Fig. 1: Mandibular pretreatment occlusal view

Fig. 2: Preoperative orthopantomograph

Fig. 3: Modified lingual arch and Ni–Ti open coil spring engaged in archwire

Fig. 4: After regaining space

Fig. 5: Postoperative orthopantomograph

Fig. 6: Mandibular posttreatment occlusal view


Most common causes of space loss within an arch is primary teeth with interproximal caries followed by loss of primary molars without proper space management.4 The degree of space loss varies according to the arch, site in the arch, and time elapsed since tooth loss.5 Therefore, loss of space in the dental arch that interferes with the desired eruption of the permanent teeth may require evaluation and early intervention.
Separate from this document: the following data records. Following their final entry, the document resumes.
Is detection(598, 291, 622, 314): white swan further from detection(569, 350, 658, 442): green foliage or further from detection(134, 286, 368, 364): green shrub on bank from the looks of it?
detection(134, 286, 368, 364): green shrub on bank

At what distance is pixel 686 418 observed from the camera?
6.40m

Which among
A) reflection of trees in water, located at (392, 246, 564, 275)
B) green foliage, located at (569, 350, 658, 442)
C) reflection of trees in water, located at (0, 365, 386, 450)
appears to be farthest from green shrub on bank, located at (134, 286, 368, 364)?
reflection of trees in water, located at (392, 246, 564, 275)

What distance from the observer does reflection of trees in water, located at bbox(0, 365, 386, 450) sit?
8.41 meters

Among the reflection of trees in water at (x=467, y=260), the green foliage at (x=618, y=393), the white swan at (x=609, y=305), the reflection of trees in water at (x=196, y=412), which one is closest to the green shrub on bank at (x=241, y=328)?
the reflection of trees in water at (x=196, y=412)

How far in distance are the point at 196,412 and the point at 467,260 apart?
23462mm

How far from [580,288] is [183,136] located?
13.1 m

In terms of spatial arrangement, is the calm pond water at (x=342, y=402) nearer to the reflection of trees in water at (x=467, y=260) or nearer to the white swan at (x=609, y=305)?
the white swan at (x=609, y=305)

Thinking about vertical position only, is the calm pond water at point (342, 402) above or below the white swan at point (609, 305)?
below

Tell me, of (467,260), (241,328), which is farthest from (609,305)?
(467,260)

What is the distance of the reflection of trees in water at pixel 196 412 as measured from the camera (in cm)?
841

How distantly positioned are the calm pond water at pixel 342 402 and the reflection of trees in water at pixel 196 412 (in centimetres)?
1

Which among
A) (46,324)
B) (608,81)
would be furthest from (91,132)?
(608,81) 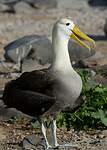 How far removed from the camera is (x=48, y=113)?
734 centimetres

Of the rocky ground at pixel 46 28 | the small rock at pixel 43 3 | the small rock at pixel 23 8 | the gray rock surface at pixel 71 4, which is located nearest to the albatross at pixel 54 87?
the rocky ground at pixel 46 28

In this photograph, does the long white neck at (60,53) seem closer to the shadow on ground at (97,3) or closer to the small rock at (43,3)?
the small rock at (43,3)

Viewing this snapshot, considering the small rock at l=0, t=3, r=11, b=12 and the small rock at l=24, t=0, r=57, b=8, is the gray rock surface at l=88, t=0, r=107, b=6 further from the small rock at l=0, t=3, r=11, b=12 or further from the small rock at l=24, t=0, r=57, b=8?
the small rock at l=0, t=3, r=11, b=12

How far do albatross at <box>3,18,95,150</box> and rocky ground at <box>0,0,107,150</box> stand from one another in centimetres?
54

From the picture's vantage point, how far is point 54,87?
7.26m

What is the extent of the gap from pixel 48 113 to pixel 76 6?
1872 centimetres

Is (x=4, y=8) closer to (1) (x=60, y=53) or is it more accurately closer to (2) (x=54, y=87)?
(1) (x=60, y=53)

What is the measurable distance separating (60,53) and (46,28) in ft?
42.7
Although various treatment options are available for the management of space loss, they were not used in the current case, as the complete space loss design framework of Gerber, jack screw, band, and U loop cannot be fabricated. Also, target tooth movement of 36 was required which could not be achieved by space regainers such as sliding loop, double-banded space regainer, and Hotz lingual arch.
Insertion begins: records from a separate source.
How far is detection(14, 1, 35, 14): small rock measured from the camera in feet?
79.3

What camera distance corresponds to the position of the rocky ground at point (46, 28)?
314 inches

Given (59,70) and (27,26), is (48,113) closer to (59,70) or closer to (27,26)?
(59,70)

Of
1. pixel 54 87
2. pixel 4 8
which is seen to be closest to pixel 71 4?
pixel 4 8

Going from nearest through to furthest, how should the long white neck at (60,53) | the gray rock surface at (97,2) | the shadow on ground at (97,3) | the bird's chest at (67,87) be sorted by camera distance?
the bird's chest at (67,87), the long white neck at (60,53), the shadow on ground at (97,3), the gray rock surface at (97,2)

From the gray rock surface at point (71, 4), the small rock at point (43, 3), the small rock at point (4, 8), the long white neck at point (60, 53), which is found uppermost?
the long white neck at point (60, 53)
In the present case, there was a need for the distal tipping and uprighting of permanent molar to regain the space for the eruption of the second premolar along with prevention of movement of the primary first molar of treatment side. So to achieve the desirable results, modified lingual arch with segmental orthodontics using Ni–Ti open-coil spring was used. There is negligible risk of anchorage loss while using the “lingual arch crossbow,” as the entire lingual arch takes the role of anchorage, distributing force over a large number of teeth.6 The Ni–Ti coils have a long range of the superelastic activity with minimal load fluctuation in spite of the large deflection due to excellent spring back and superelasticity.7 This property enables to achieve a wide range of tooth movement. The use of light Ni–Ti archwire allows easy placement of spring for space regaining. The advantage of this novel method over conventional space regaining methods is that it allows movement of target tooth only without any undesirable effects on other teeth such as migration, tipping, and root resorption. As it is a fixed appliance, patient compliance was good but required good maintenance of oral hygiene.
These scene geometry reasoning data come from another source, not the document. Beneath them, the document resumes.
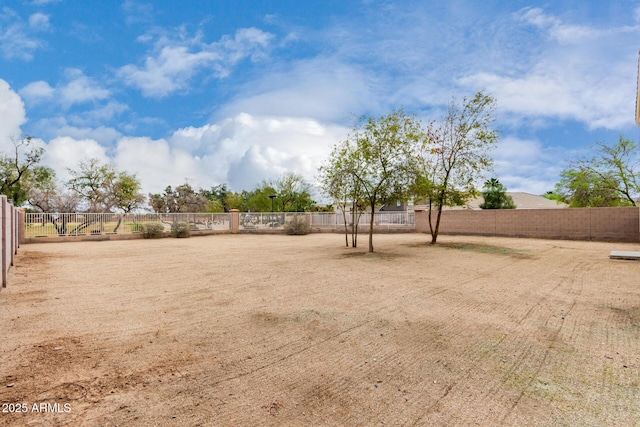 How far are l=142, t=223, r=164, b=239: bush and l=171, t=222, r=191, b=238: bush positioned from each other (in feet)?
2.37

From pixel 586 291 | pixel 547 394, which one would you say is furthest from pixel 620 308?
pixel 547 394

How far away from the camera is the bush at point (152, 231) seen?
21.6m

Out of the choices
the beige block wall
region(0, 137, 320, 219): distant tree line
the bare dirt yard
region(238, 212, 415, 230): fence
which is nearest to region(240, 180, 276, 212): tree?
region(0, 137, 320, 219): distant tree line

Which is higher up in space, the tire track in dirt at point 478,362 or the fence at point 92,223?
the fence at point 92,223

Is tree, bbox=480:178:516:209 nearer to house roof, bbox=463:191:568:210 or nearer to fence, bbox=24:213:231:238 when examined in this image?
house roof, bbox=463:191:568:210

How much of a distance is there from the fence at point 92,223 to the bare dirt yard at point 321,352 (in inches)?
576

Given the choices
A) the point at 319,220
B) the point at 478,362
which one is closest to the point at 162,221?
the point at 319,220

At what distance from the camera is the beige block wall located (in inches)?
691

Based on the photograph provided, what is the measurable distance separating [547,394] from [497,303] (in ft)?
10.1

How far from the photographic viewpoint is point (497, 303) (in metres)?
5.74

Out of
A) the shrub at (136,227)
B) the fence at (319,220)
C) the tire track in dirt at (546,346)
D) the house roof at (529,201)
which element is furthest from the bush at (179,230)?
the house roof at (529,201)

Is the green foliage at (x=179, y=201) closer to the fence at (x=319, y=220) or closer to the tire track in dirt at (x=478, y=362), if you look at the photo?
the fence at (x=319, y=220)

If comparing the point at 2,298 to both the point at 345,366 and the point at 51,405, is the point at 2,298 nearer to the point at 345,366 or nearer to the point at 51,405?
the point at 51,405

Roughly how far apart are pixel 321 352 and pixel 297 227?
21524 mm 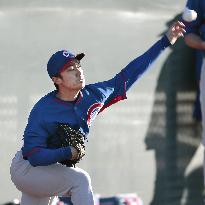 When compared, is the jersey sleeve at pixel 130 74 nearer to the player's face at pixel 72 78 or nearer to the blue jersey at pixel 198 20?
the player's face at pixel 72 78

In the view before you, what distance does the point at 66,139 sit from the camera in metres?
5.39

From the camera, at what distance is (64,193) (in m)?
5.54

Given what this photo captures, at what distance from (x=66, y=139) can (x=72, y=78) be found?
408 millimetres

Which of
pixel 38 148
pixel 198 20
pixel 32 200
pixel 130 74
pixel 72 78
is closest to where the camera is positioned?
pixel 38 148

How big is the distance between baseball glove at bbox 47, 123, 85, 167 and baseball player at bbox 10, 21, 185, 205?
0.12 ft

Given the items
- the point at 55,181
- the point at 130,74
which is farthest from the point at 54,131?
the point at 130,74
King’s in 1977 first described an appliance for regaining of space by using lingual arch as anchorage unit and a straight section of wire with an open-coil spring for regaining the space.8 After it, the use of lingual arch as anchorage and Ni–Ti coil spring and archwire became popular in various modified ways. Negi9 used the shape memory property of 0.016 inch Ni–Ti wire for regaining the space by distalizing and uprighting the first molar. Chalakka et al.6 introduced lingual arch crossbow and double-banded space regainers for regaining the lost space. Also, in the current case lingual arch, edgewise brackets with Ni–Ti archwire, and coil spring were used which not only enhanced the anchorage but also resulted in the movement of specific tooth. Additionally, the space regainer’s design used in this case can be easily and effectively used in situations with complete space loss due to mesial tipping of permanent molar.


The goal of space regaining intervention is to recover the lost arch width and perimeter and improve the eruptive position of succedaneous teeth. The technique used here fulfilled the goal by permitting the movement of only offending tooth and stabilization of the remaining arch, where conventional space regainers cannot be used.